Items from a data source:
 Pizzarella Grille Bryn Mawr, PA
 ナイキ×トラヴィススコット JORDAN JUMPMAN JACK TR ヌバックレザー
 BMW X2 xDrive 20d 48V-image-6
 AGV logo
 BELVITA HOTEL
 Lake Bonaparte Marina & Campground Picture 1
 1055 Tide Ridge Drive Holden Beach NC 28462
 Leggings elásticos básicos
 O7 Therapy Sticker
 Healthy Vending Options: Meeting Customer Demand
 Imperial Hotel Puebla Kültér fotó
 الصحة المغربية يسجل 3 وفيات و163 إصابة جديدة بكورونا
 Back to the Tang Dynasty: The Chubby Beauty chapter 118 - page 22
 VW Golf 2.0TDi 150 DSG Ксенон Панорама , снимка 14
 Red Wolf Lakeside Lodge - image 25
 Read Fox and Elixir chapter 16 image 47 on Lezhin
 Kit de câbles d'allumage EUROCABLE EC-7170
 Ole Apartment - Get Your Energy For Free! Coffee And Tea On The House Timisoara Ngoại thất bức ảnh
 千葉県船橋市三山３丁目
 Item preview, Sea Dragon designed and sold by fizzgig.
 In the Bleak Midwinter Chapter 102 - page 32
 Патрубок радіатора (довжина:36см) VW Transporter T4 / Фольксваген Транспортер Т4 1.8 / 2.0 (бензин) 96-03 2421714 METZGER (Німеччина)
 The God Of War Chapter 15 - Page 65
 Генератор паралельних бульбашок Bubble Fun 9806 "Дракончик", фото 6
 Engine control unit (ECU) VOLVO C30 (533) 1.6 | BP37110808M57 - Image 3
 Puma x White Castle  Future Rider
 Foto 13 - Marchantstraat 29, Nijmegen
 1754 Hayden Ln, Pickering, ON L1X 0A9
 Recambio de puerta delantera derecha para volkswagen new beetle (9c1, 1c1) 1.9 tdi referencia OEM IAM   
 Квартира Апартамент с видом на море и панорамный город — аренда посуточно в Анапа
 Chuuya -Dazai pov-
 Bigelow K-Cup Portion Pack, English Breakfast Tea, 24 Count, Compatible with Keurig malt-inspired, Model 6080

*PROBLEM TO SOLVE*
Exact copies of all the entries above should be returned.

*TASK OUTPUT*
 Pizzarella Grille Bryn Mawr, PA
 ナイキ×トラヴィススコット JORDAN JUMPMAN JACK TR ヌバックレザー
 BMW X2 xDrive 20d 48V-image-6
 AGV logo
 BELVITA HOTEL
 Lake Bonaparte Marina & Campground Picture 1
 1055 Tide Ridge Drive Holden Beach NC 28462
 Leggings elásticos básicos
 O7 Therapy Sticker
 Healthy Vending Options: Meeting Customer Demand
 Imperial Hotel Puebla Kültér fotó
 الصحة المغربية يسجل 3 وفيات و163 إصابة جديدة بكورونا
 Back to the Tang Dynasty: The Chubby Beauty chapter 118 - page 22
 VW Golf 2.0TDi 150 DSG Ксенон Панорама , снимка 14
 Red Wolf Lakeside Lodge - image 25
 Read Fox and Elixir chapter 16 image 47 on Lezhin
 Kit de câbles d'allumage EUROCABLE EC-7170
 Ole Apartment - Get Your Energy For Free! Coffee And Tea On The House Timisoara Ngoại thất bức ảnh
 千葉県船橋市三山３丁目
 Item preview, Sea Dragon designed and sold by fizzgig.
 In the Bleak Midwinter Chapter 102 - page 32
 Патрубок радіатора (довжина:36см) VW Transporter T4 / Фольксваген Транспортер Т4 1.8 / 2.0 (бензин) 96-03 2421714 METZGER (Німеччина)
 The God Of War Chapter 15 - Page 65
 Генератор паралельних бульбашок Bubble Fun 9806 "Дракончик", фото 6
 Engine control unit (ECU) VOLVO C30 (533) 1.6 | BP37110808M57 - Image 3
 Puma x White Castle  Future Rider
 Foto 13 - Marchantstraat 29, Nijmegen
 1754 Hayden Ln, Pickering, ON L1X 0A9
 Recambio de puerta delantera derecha para volkswagen new beetle (9c1, 1c1) 1.9 tdi referencia OEM IAM   
 Квартира Апартамент с видом на море и панорамный город — аренда посуточно в Анапа
 Chuuya -Dazai pov-
 Bigelow K-Cup Portion Pack, English Breakfast Tea, 24 Count, Compatible with Keurig malt-inspired, Model 6080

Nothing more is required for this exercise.